While we are using a static string, the string variable would come from the view, as we shall soon see. There are multiple different pasteboards in the system, but the general pasteboard is used for copy and paste. You can get a reference to the general pasteboard by using the +generalPasteboard class method. The declareTypes:owner: method tells the pasteboard which types of data you are going to put on the pasteboard. You pass it an array of types, ordered by preference of type, with the preferred type first. The NSStringPboardType is a constant for plain text type. If an application uses rich text and plain text, it probably wants to use the rich text first. Since this example uses only plain text, that's all we need. Finally, we put the plain text on the pasteboard using the setString:forType: method.

When an application declares the types it's going to put on the pasteboard, it gives the pasteboard an owner. This is because it may not want to put the actual data on the pasteboard immediately. Say an application wants to put an image on the pasteboard in multiple formats. It's rather wasteful to put all image types on the pasteboard immediately. In these cases, the source application may put a promise on the pasteboard. When and if another application requests the data from the pasteboard, the pasteboard will ask the owner to provide the data and fulfill the promise. Since we are providing all the data immediately, we do not have to set the owner.

Just as the sending application may put multiple types of data on the pasteboard, the receiving application may accept multiple types. Again, the application specifies which types it can support, and then, if the pasteboard contains any of those types, it retrieves the data. The code to retrieve a string from the pasteboard looks like this:

    NSPasteboard * pasteboard = [NSPasteboard generalPasteboard];
    NSArray * types = [NSArray arrayWithObject:NSStringPboardType];
    NSString * bestType = [pasteboard availableTypeFromArray:types];
    if (bestType != nil)
    {
        NSString * value =
            [pasteboard stringForType:NSStringPboardType];
        // Use pasted value
    }

Again, this code uses the general pasteboard.

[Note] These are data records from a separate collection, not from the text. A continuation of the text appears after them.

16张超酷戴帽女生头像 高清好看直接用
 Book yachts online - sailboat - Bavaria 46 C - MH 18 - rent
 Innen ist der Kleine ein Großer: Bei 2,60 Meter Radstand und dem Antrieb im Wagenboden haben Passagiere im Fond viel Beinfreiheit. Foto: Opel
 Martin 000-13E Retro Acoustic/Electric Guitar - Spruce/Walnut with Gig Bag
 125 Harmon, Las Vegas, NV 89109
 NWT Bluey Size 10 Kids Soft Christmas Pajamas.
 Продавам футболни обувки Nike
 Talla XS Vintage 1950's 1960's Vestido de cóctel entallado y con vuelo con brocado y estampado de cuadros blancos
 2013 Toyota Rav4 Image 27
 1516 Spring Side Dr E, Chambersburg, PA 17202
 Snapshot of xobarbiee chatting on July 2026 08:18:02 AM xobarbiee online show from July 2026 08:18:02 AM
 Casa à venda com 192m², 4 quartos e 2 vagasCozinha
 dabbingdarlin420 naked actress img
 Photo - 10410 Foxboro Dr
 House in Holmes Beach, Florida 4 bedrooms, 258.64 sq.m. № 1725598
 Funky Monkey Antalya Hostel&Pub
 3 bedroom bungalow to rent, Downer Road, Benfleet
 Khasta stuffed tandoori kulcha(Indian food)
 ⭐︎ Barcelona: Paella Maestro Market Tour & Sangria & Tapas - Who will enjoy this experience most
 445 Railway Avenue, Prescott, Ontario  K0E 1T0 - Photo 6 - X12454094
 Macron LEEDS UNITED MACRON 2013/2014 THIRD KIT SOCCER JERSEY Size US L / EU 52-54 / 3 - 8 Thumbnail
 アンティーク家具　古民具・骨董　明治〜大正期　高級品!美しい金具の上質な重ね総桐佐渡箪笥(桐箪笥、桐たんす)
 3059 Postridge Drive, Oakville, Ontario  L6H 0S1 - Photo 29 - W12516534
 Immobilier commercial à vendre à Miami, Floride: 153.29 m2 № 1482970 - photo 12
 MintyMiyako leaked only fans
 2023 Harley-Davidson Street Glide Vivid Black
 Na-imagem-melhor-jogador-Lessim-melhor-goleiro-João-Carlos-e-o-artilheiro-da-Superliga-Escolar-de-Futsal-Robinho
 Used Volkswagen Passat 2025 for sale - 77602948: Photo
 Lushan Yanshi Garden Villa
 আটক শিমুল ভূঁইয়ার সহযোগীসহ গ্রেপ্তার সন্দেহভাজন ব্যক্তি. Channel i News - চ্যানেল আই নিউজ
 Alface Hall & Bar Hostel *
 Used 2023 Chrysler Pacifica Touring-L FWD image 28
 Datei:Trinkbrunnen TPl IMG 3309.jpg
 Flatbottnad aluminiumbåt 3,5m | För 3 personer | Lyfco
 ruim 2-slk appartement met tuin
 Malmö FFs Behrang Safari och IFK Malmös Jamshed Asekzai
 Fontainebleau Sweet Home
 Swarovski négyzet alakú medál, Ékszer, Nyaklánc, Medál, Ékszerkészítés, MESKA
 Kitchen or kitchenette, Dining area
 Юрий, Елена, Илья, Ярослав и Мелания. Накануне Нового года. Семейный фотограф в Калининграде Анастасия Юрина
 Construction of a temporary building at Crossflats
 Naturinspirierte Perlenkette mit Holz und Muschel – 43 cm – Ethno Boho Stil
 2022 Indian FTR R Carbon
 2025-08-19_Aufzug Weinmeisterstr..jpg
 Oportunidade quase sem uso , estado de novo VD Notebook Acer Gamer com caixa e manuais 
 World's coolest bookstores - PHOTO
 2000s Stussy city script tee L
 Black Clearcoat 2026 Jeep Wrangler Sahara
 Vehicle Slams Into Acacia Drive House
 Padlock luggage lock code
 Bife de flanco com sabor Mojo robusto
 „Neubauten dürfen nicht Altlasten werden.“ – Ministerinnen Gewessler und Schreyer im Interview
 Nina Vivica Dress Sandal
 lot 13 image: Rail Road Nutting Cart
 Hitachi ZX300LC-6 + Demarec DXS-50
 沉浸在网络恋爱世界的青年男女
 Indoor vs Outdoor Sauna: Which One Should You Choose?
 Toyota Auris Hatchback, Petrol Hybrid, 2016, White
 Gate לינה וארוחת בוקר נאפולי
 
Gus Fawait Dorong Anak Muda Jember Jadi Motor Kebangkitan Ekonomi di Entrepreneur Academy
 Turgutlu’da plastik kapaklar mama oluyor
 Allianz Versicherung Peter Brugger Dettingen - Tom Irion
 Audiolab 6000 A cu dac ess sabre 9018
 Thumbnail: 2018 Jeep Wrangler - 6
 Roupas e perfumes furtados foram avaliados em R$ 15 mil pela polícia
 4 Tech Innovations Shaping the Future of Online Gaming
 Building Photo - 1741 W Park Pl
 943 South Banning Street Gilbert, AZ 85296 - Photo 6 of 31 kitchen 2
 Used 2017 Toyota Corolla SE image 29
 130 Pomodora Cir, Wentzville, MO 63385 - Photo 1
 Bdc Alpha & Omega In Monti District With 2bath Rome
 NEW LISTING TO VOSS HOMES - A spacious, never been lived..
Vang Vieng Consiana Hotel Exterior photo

The availableTypeFromArray: returns the best type of all those specified in the array or nil if none of the types are available. Finally, the stringForType: method retrieves the actual string from the pasteboard.

Armed with our new knowledge of the pasteboard, we can now implement copy for our WordView custom view. Since this view uses styled text to draw the string using an attributed string, it can put both styled text and plain text on the pasteboard. It's easy to get an RTF representation of an attributed string, so we can use RTF as the styled text type.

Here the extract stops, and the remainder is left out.